Теперь мы еще больше осиротели. Из семьи в десять человек нас осталось только трое. По вечерам мать прижимает нас к себе и плачет. Плачем и мы с Маро. Жизнь нам кажется жестокой, несправедливой и безысходной. Если бы можно было скорее уехать в деревню! Но это так трудно сейчас сделать при наших долгах после похорон бабушки и дедушки.
— Только чудо может спасти нас, — говорит мать.
И мы ждем чуда.
А пока на нас обрушиваются новые беды. В город приезжает большая группа голодающих с Поволжья, и у многих в нашем доме отбирают часть жилья. У нас отбирают дедушкину половину. Наша половина становится проходной, потом ее делят на две части, оставив посредине проход для новых жильцов, и нам остается закуток в восемь метров. Второй закуток превращается в кухню на две семьи.
В нашей комнатке еле-еле помещаются две солдатские кровати, стол, два стула и посудный шкафчик.
— Ничего! — говорит мать. — Рассчитаемся с долгами и уедем в деревню. А там уж просторно.
В комнатке днем и ночью душно. Большую часть дня мы с сестрой проводим на балконе. Придя с работы, мать тоже выходит на балкон. Всем был бы хорош наш двор, не будь только вони и комаров.
Внизу выстроились в ряд шесть уборных.
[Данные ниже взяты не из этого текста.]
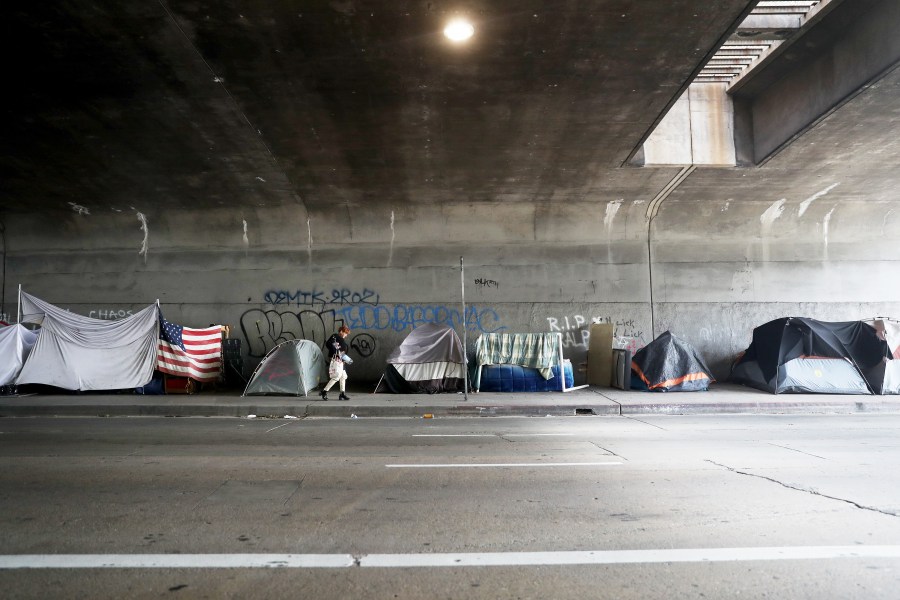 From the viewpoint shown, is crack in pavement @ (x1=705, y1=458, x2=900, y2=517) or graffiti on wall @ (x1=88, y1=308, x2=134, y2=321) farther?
graffiti on wall @ (x1=88, y1=308, x2=134, y2=321)

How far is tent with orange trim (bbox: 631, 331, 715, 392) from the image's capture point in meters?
15.4

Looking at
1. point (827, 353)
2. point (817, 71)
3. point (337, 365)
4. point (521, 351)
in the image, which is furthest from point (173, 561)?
point (827, 353)

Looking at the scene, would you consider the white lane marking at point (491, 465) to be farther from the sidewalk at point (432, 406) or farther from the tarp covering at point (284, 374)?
the tarp covering at point (284, 374)

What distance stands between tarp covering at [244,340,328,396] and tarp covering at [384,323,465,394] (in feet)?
7.23

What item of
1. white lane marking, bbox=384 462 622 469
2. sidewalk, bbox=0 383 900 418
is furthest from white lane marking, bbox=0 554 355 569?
sidewalk, bbox=0 383 900 418

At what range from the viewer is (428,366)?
15.7 metres

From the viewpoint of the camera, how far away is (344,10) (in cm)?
969

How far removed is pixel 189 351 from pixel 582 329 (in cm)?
1118

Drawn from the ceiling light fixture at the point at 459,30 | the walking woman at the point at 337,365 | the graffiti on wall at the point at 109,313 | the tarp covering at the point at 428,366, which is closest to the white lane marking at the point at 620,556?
the ceiling light fixture at the point at 459,30

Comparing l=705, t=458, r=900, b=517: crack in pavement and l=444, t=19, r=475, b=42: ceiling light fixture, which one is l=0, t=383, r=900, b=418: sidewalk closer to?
l=705, t=458, r=900, b=517: crack in pavement

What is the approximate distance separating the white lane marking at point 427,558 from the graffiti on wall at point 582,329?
562 inches

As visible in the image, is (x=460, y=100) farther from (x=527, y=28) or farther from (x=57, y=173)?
(x=57, y=173)

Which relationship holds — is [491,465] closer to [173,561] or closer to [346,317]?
[173,561]

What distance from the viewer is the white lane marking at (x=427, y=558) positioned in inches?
153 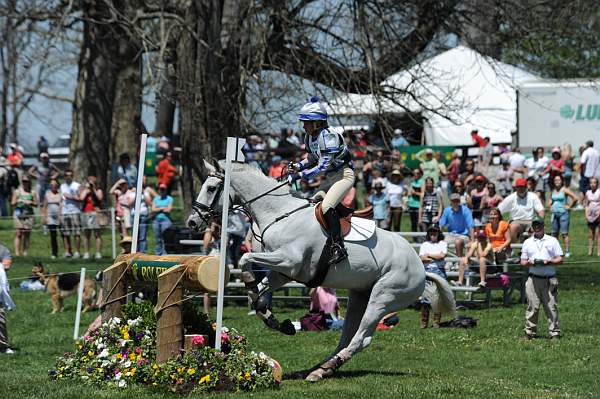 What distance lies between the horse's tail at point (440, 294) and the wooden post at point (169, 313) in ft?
13.0

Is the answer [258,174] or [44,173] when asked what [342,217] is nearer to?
[258,174]

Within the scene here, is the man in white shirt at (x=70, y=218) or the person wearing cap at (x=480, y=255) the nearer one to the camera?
the person wearing cap at (x=480, y=255)

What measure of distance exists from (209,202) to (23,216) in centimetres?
1651

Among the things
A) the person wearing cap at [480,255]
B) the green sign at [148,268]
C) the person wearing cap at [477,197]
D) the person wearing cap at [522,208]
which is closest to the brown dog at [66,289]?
the person wearing cap at [480,255]

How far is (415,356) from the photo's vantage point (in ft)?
53.4

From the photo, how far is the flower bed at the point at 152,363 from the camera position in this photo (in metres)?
11.8

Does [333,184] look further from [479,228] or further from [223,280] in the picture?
[479,228]

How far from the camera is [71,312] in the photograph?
73.9 ft

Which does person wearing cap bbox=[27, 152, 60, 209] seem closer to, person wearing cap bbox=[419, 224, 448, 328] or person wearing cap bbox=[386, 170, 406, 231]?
person wearing cap bbox=[386, 170, 406, 231]

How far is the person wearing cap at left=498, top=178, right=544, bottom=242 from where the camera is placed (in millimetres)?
24078

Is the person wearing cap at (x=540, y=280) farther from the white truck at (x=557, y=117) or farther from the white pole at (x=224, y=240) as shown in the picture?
the white truck at (x=557, y=117)

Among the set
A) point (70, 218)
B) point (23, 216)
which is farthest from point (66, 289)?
point (23, 216)

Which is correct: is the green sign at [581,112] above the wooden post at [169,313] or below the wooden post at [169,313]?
above

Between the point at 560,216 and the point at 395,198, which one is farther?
the point at 395,198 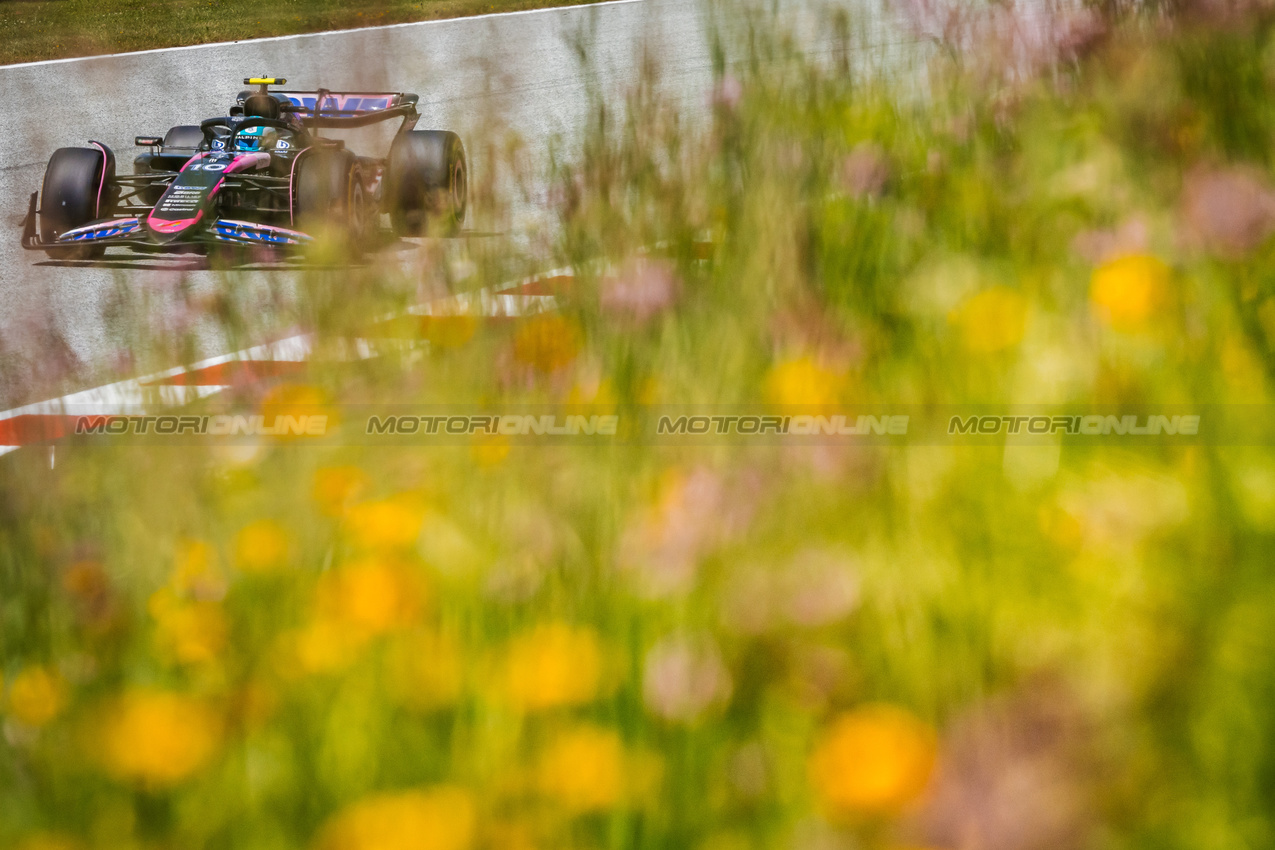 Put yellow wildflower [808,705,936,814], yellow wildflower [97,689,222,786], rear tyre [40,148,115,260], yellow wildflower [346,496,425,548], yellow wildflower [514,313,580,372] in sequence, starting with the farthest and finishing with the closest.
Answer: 1. rear tyre [40,148,115,260]
2. yellow wildflower [514,313,580,372]
3. yellow wildflower [346,496,425,548]
4. yellow wildflower [97,689,222,786]
5. yellow wildflower [808,705,936,814]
Около них всегда стоит очередь, она не уменьшается даже вечером. Ворота открыты чуть ли не круглые сутки, и уборными, кроме жильцов дома, пользуется вся улица. Иногда возле них происходят драки. Иногда жильцы ругаются с Вартазаром, требуя, чтобы после пяти вечера он запирал ворота на замок. Но Вартазар это не может сделать по той причине, что ему все владельцы магазинов на нашей улице платят «калым».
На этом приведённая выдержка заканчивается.